Perhaps the motivation behind the Thai media’s skepticism towards the “terror plot” theory has to do with concerns about damaging the country’s important tourism industry.

However, some journalists have written about the role of US authorities in the case, saying that “it appeared strange and unusual from the very first moment,” as Supalak Ganjanakhundee described it in The Nation newspaper.

He writes that usually “security officials nab the suspects once they get tip-offs from concerned countries, usually the United States, and then quietly have them deported, by-passing the Thai legal procedure. All the public gets to learn is that the case is done and over with.”

“However, the latest case seems to have gone the other way. The issue was circulated in the intelligence community for days and later acknowledged by Deputy Prime Minister Chalerm Yoobamrung and Defence Minister Yuthasak Sasiprapha,” he adds.

“There is nothing abnormal about an embassy issuing a warning, except this time it was issued at around the same time as the threat was discovered and contained. The warning was still visible on the US Embassy’s website yesterday [January 17, five days after Atris’ arrest], as if the threat was still far from over,” Ganjanakhundee adds.

In an interview with the Bangkok Post, Kachadpai Burusapatana, former Director General of the Thai National Security Council, said he believed the US warning about possible terror attacks here remains in place because the US wants Thailand to collaborate more with it against terrorism.

The newspaper adds that the “US wants Thailand to let its investigators join in the questioning of terror suspect Hussein Atris, who was arrested at Suvarnabhumi airport last Thursday and suspected of having links to the Hezbollah militant group.”

Burusapatana also told the Bangkok Post that the police should avoid publicizing the issue too much if they had not gathered clear evidence.

In his view, the newspaper reported, the “evidence was insufficient to point to terrorist plots in Thailand, and careless handling of the issue could get Thailand embroiled in a conflict between the US and terrorists.”

In an opinion piece in the Bangkok Post on January 19, columnist Kumfah Manmalee commented that “Thailand has long been known as a haven for tourists as well as those who want to exploit its legal loopholes.
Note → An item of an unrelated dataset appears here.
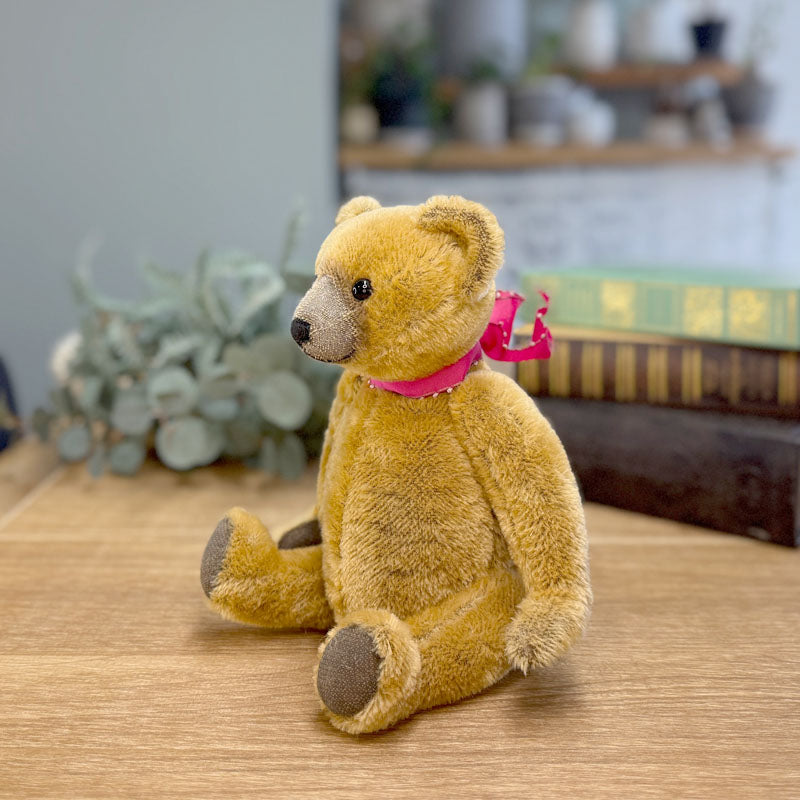 ④ピンクのリボンがお気に入りのベア – Bear Fruit Café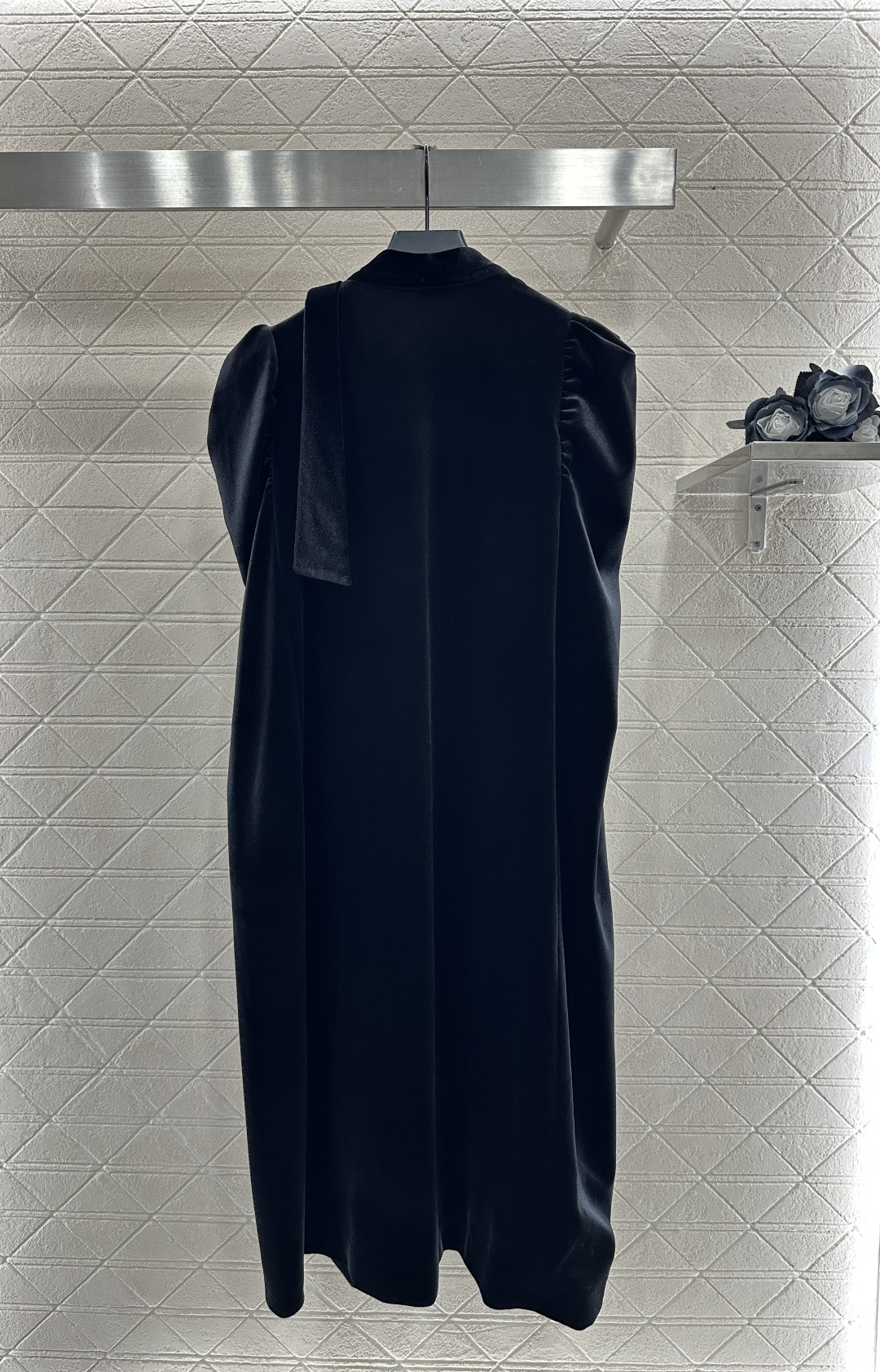 ♥Dio*♥2025新品上架 丝绒飘带披风定制YB进口丝绒材质 质感光泽 穿搭洋气 飘带披风剪裁 两肩褶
Fake goods and documents can be bought on the streets and people travel freely across our borders with neighboring countries.”

“But Thailand has not faced any real threat from international terrorists for quite some time. Threats of violence are all home-grown. The arrest of Mr. Hussein is therefore cause for concern. Though I wonder why the US government issued the warnings without first consulting its Thai counterpart,” he added.

On the other hand, several commentators from The Nation and Bangkok Post denounced “the state of confusion and inexperience” demonstrated by political and security officials in their handling of the situation.

“The last thing our politicians need is the issue of Middle Eastern terror suspects, almost half a ton of explosive materials, and an impatient American diplomatic corps. Not to mention an Israeli sub-plot,” wrote Tulsathit Taptim in The Nation.

“Are we supposed to be excited, or even afraid?” he asks. “The government appears to say ‘no’, but America appears to say ‘yes’.”

Deputy news editor Kultida Samabuddhi of the Bangkok Post, for her part, admits that “the tourism industry and those who are working in the hospitality business deserve utmost protection,” but warns the government “not sacrifice public safety for the sake of more tourism revenues and higher numbers of tourist arrivals.”

This article is an edited translation from the Arabic Edition.